JuliaText / TextAnalysis.jl

Julia package for text analysis
Other
374 stars 96 forks source link

Proposing API tweak for sentiment analysis #122

Closed aquatiko closed 5 years ago

aquatiko commented 5 years ago

Regarding #83 Some changes to API will be: https://github.com/JuliaText/TextAnalysis.jl/blob/bb81bc93b4210b0c04f212e5c5040a63c30e0612/src/sentiment.jl#L81 to

function(m::SentimentAnalyzer)(d::AbstractDocument, default_dict::Bool=True)
    m.model(tokens(d), default_dict)
end

and https://github.com/JuliaText/TextAnalysis.jl/blob/bb81bc93b4210b0c04f212e5c5040a63c30e0612/src/sentiment.jl#L38 to

function get_sentiment(ip::Array{T, 1}, weight, rwi, default_dict) where T <: AbstractString
    model = (x,) -> begin
    a_1 = embedding(weight[:embedding_1]["embedding_1"]["embeddings:0"], x)
    a_2 = flatten(a_1)
    a_3 = Flux.Dense(weight[:dense_1]["dense_1"]["kernel:0"], weight[:dense_1]["dense_1"]["bias:0"], Flux.relu)(a_2)
    a_4 = Flux.Dense(weight[:dense_2]["dense_2"]["kernel:0"], weight[:dense_2]["dense_2"]["bias:0"], Flux.sigmoid)(a_3)
    return a_4
    end
    res = Array{Int, 1}()
    skipped = Array{String,1}()
    for ele in ip
        if default_dict && !(ele in keys(rwi)) 
            push!(skipped,ele)
        else
            push!(res, rwi[ele])
        end
    end

    if default_dict
        println("Skipped words(Not present in dictionary):", skipped))
    end
    return model(pad_sequences(res))[1]
end

Haven't tested the whole integration yet, just shows the major parts.

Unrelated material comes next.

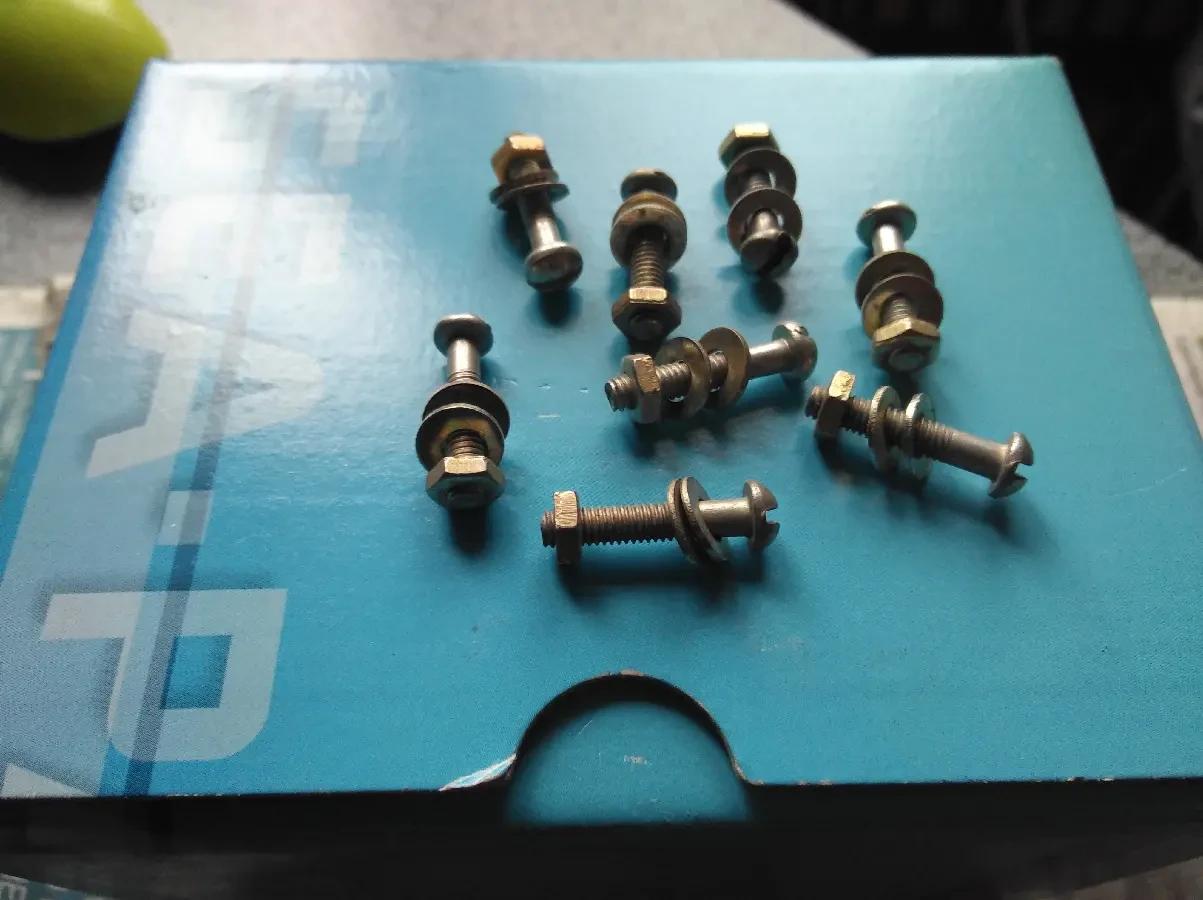 Болт М4 с гайкой и шайбой 2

aviks commented 5 years ago

On slack, suggestion from @oxinabox which is reasonable:

Instead of having a keyword argument as a dict, make it a function that returns an iterator. The default value of that function would be (x)->[] (ie, and empty array). In the get_sentiment function, when we encounter a missing word, call this function, and add whatever it returns to res.

Also, do not print anything in this function --- it can get very annoying to see log outputs like this from functions which work on user supplied data.